No primeiro dia de atividades, realizado na terça-feira (3), os debates priorizaram o alinhamento entre União e estados, reforçando a cooperação institucional para qualificar ações de garantia de direitos, proteção social e promoção da autonomia feminina em todo o território nacional.
A programação também se configurou como um ambiente de intercâmbio entre as gestoras, favorecendo o compartilhamento de boas práticas e a construção coletiva de soluções que ampliem o alcance e a efetividade das políticas públicas desenvolvidas nos estados.
Durante o encontro, a secretária Abigail Cunha integrou os debates e os momentos de diálogo entre as representantes estaduais, contribuindo para o alinhamento das iniciativas desenvolvidas no Maranhão às diretrizes estabelecidas pelo Governo Federal.
Recentemente, o Maranhão destacou-se nacionalmente ao alcançar o primeiro lugar no Brasil, com 45 municípios aprovados e classificados no Edital nº 07/2025, consolidando o estado como referência na gestão municipal das políticas de gênero. O edital tem como objetivo fortalecer os organismos municipais e prevê, entre outras medidas, a doação de veículos para os municípios contemplados.
Para a secretária Abigail Cunha, a agenda representou uma oportunidade qualificada de diálogo institucional e escuta entre os entes federados.
“A política para as mulheres no Maranhão tem avançado de forma consistente, a partir de ações estruturadas e de acordos institucionais que orientam esse trabalho desde 2023. O encontro também possibilitou aprendizado e troca de experiências com gestoras de todo o Brasil, para garantir mais dignidade, saúde, informação e autonomia às maranhenses”, afirmou.
Ainda no primeiro dia, a agenda incluiu informes do Ministério das Mulheres, debates sobre o Plano Nacional de Políticas para as Mulheres, a Plataforma das Mulheres e o Sistema Nacional de Políticas para as Mulheres, além da apresentação do Programa de Fortalecimento da Gestão, voltado à estruturação, equipagem e formação das instâncias estaduais.
Pacto Brasil de Enfrentamento ao Feminicídio
Na quarta-feira (4), a secretária Abigail Cunha, representando o governador Carlos Brandão, esteve presente durante o lançamento do Pacto Nacional Brasil de Enfrentamento ao Feminicídio, realizado no Palácio do Planalto, em Brasília.
A iniciativa reuniu os Poderes Executivo, Legislativo e Judiciário em um compromisso institucional para o enfrentamento da violência letal contra mulheres e meninas no país, fortalecendo ações integradas de prevenção e proteção.
O ato contou com a presença do presidente da República, Luiz Inácio Lula da Silva; da ministra das Mulheres, Márcia Lopes; dos presidentes do Senado Federal, Davi Alcolumbre; da Câmara dos Deputados, Hugo Motta; e do Supremo Tribunal Federal, ministro Edson Fachin.
O pacto estabelece como eixos centrais a prevenção da violência, a proteção das vítimas, a responsabilização dos agressores e a garantia de direitos às mulheres em situação de violência de gênero, orientado pelo lema “Todos por Todas”.

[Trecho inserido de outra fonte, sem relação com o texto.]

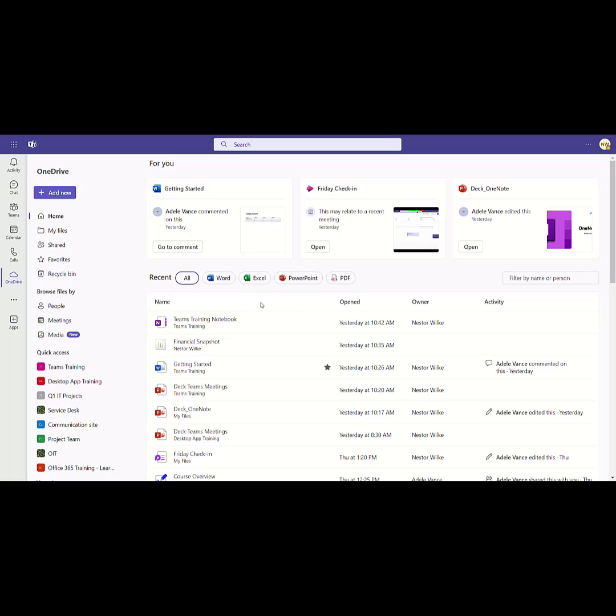So no need for me to open up the OneDrive app or navigate to OneDrive online. It's right here in Microsoft Teams.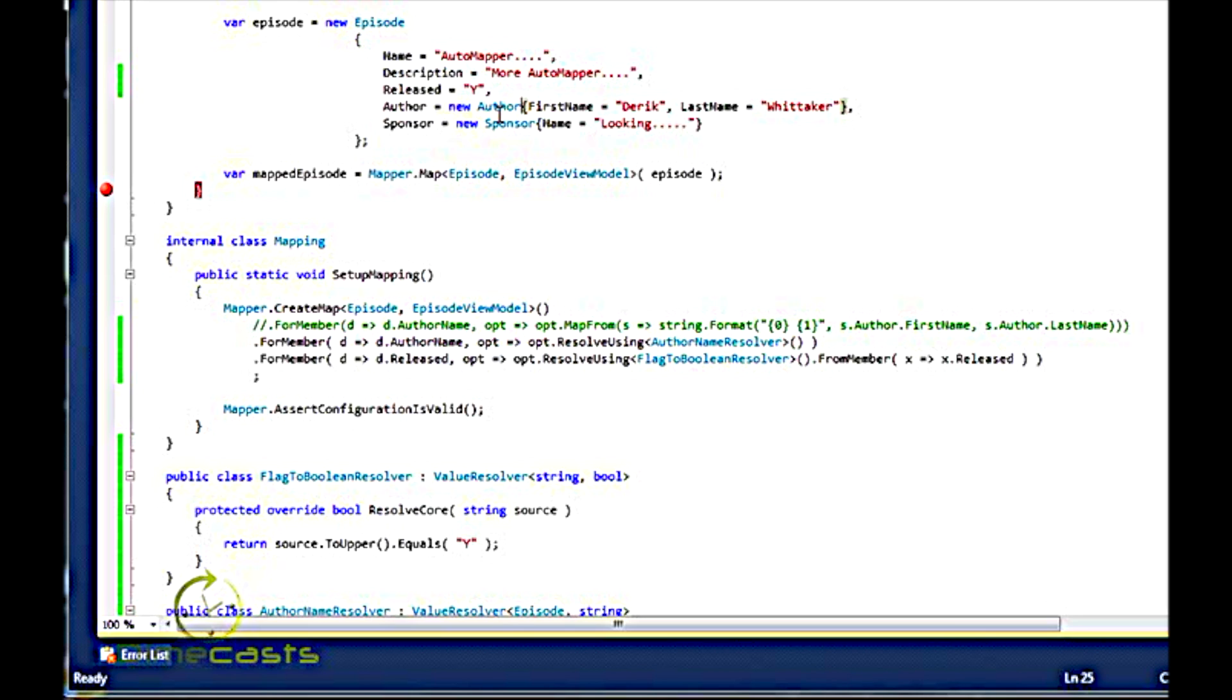We also took a look at how you can use the Resolver and have it work on a whole object or have it resolve a single field within your object model. So I hope you learned something. And until next time.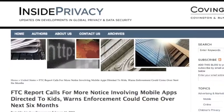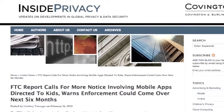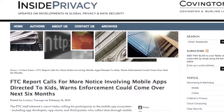This is Colin O'Keefe for LXPN TV, and today we are discussing a recent report from the FTC concerning privacy in mobile applications geared towards children. Joining me is Lindsey Tonsiger, attorney at Covington & Burling and author on the firm's blog Inside Privacy.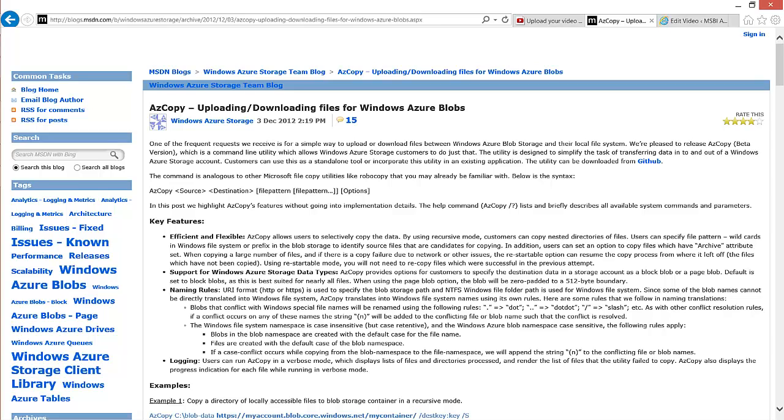There are several methods for getting data into Azure Blobstore. We can use command line utilities, we can use GUI applications, we can write our own code in C-sharp, and we'll look at different methods. But this first method is probably the easiest and that's using a command line utility provided by Microsoft called azcopy.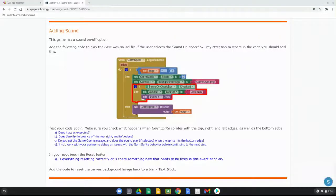Today we're going to continue with Activity 1.7, our Game Time app. Our main focus for today is going to be looking at how to add sound, as well as program the white blood cell sprite to collide with.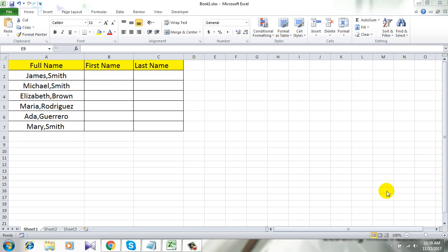Hello everyone, welcome to Excel 10 Tutorial. In this tutorial I will show you how to split names into columns using a comma in Excel. You don't need any formula for this — only a few clicks will do the job. I am using Microsoft Excel 2010 for the demonstration. Let's get started.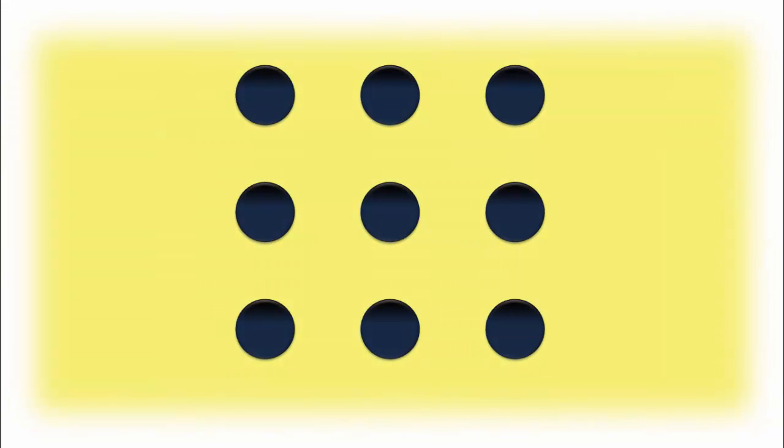This looks impossible to achieve, but surprisingly it's possible. And this time it needs a great ability to think outside the box. So start joining the dots this way.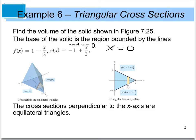If we look at a section view, we can see that this is our g of x equation, this is our f of x equation, and this is where x equals 0. You'll see that we end up with an equilateral triangle. Because we're dealing with an equilateral triangle, hopefully from geometry you recall that the area of an equilateral triangle is equal to the square root of 3 divided by 4 times s squared.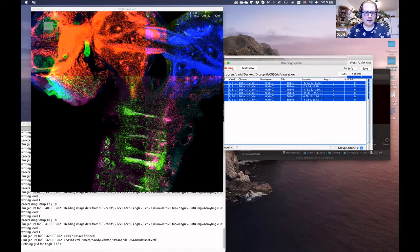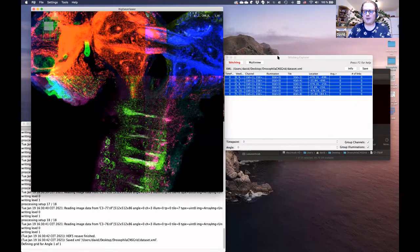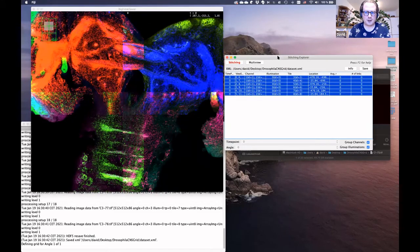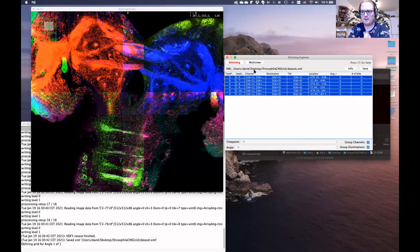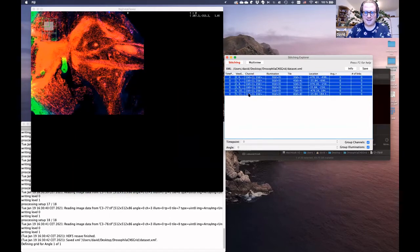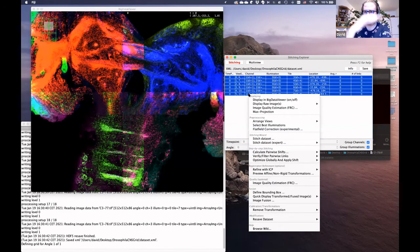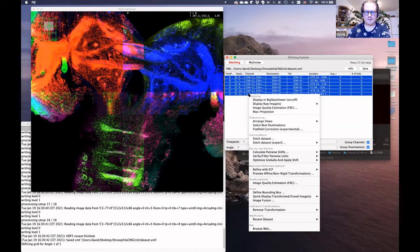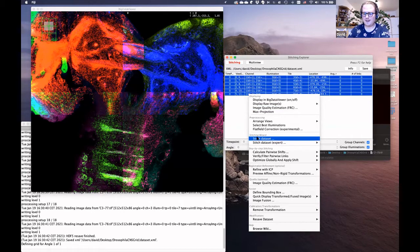In the main window there is a list of all the images in your dataset. You can look at them individually or select multiple. By default we group the color channels, but you can unclick this to look at only the red channel. A useful feature is that if you click into this window and press the C button, it will color the different tiles in your dataset differently, so you immediately see if there are any errors in the alignment of the tiles.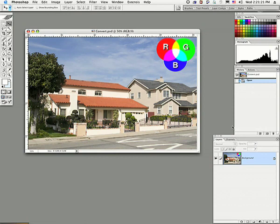We're going to start with something called the channel mixer, where we actually get into the red, green, and blue channels, look at them as black and white images, and mix them together to create the black and white image that we visualize. When we start looking at channels, it's not anything to be afraid of. It's just another facet of Photoshop.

“Trata-se de um compromisso que reforça as ações de prevenção, amplia a proteção às vítimas e assegura maior rigor na responsabilização dos agressores. O enfrentamento ao feminicídio, que passará a contar com uma estratégia de comunicação de alcance nacional, guiada pelo conceito ‘Todos juntos por todas’, deixa de ser uma ação isolada e passa a integrar de forma permanente a atuação do Estado, envolvendo os três Poderes e a sociedade”, afirmou a secretária.